**WHAT IS REQUIRED**: Your copy should begin with the line containing "Cytomegalovirus IgA ELISA Kit", end with the line containing "BHS’ Matthew Hadfield", match the listing below exactly, and contain no pictures.

**THE DATA**:
--------------------
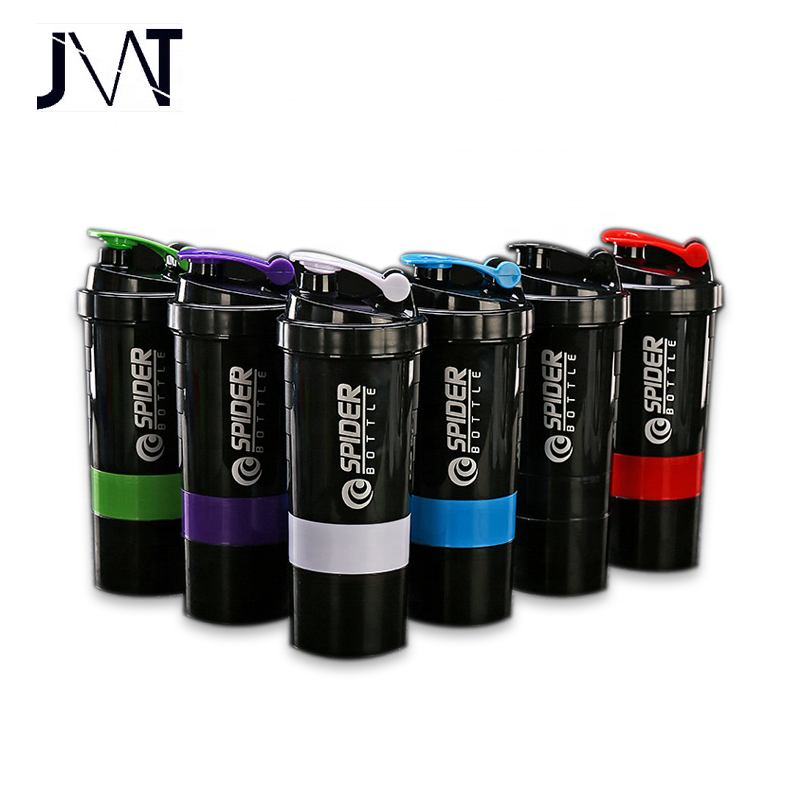New Design   Sports Shaker Bottle Cup With Stirrer Ball Protein Powder Outdoor Juice Milk Shake Water Bottle S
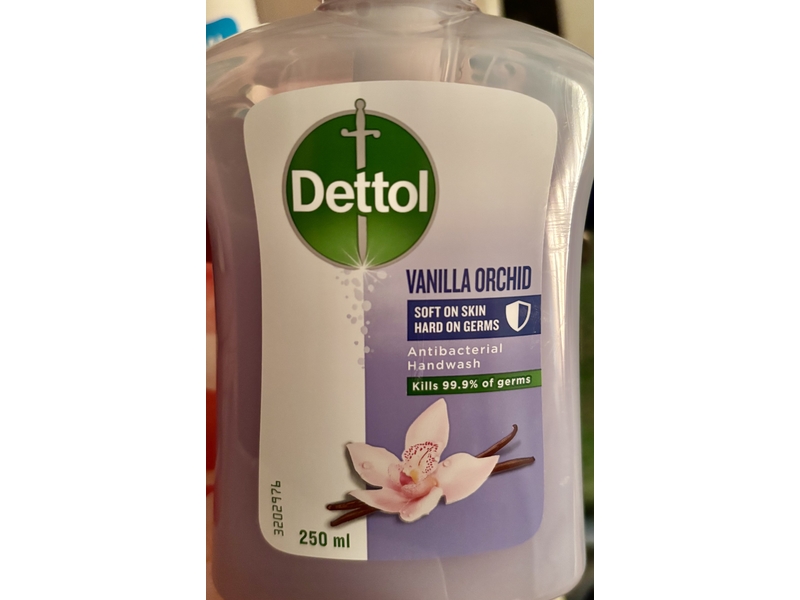 Dettol Antibacterial Hand Wash, Vanilla Orchid, 250 mL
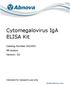 Cytomegalovirus IgA ELISA Kit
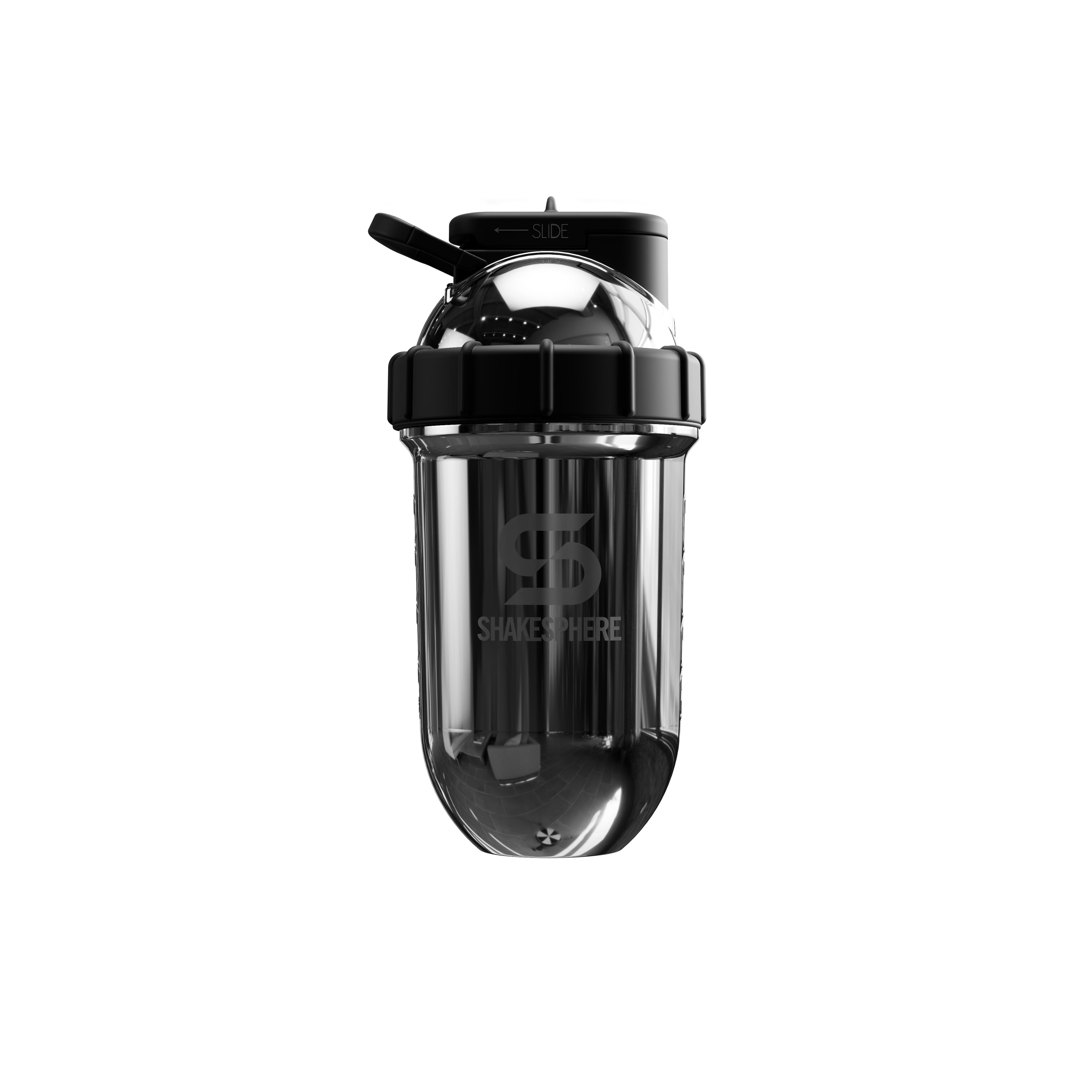 Protein shaker bottle 24.6 Fl Oz Double Wall Steel Mirrored Silver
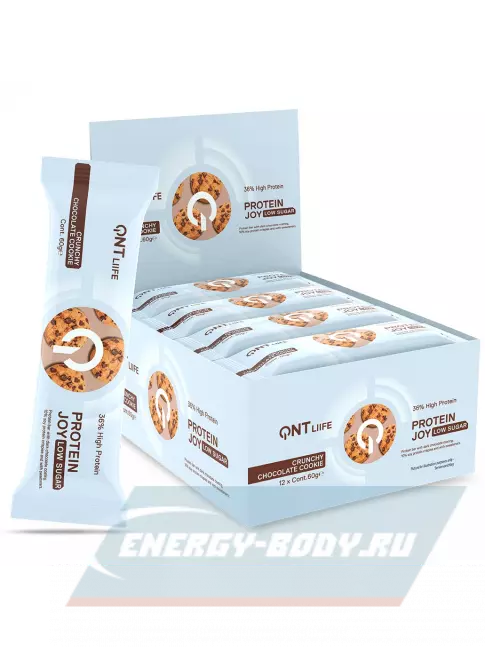 Батончик протеиновый QNT PROTEIN JOY BAR 12 x 60 г, Печенье с Кремом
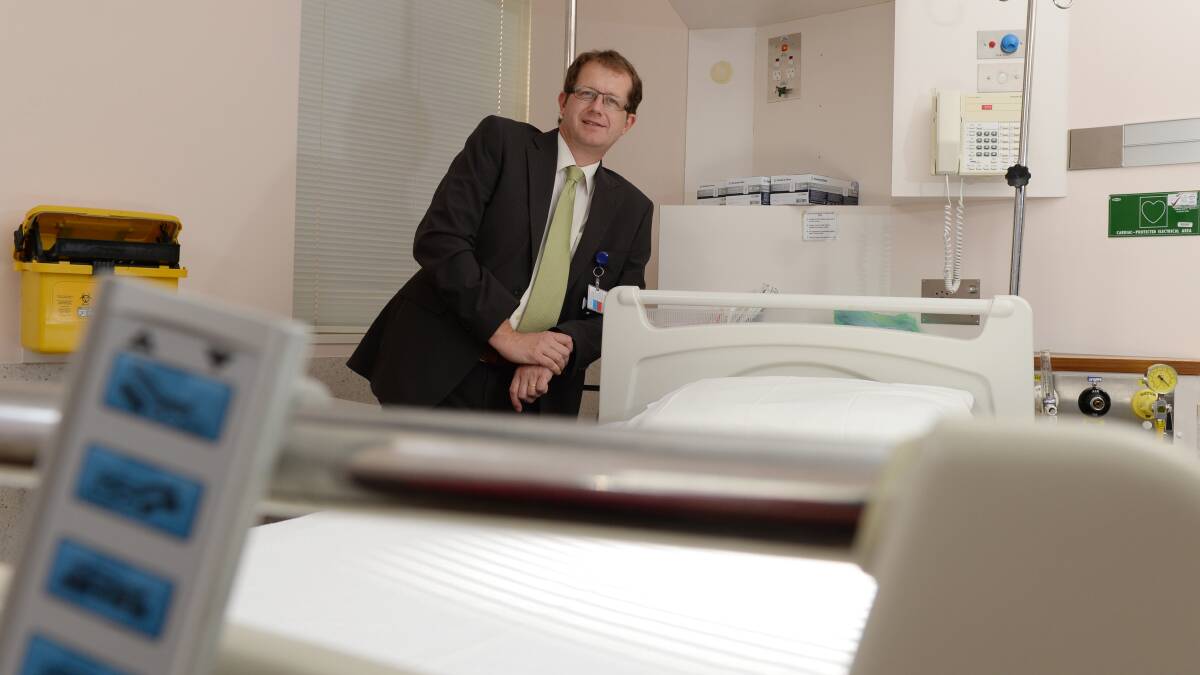 BHS’ Matthew Hadfield in the overnight stay unit, which is being trialled for elective surgery patients over the winter months. PICTURE: KATE HEALY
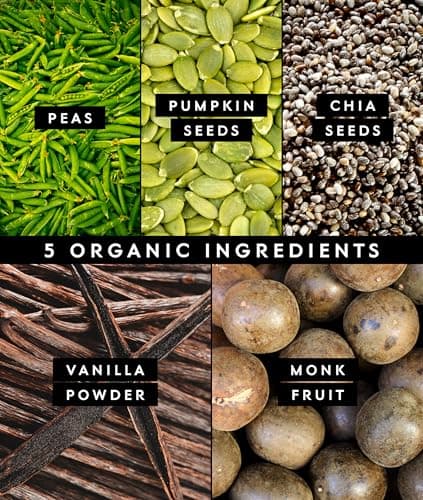 Truvani Organic Plant Based Protein Powder | Vanilla | 20g Pea Protein | 18 Servings | Vegan & Keto | Gluten & Dairy Free | Low Carb | No Added Sugar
--------------------
**RESPONSE TO THE EXERCISE**:
 Cytomegalovirus IgA ELISA Kit
 Protein shaker bottle 24.6 Fl Oz Double Wall Steel Mirrored Silver
 Батончик протеиновый QNT PROTEIN JOY BAR 12 x 60 г, Печенье с Кремом
 BHS’ Matthew Hadfield in the overnight stay unit, which is being trialled for elective surgery patients over the winter months. PICTURE: KATE HEALY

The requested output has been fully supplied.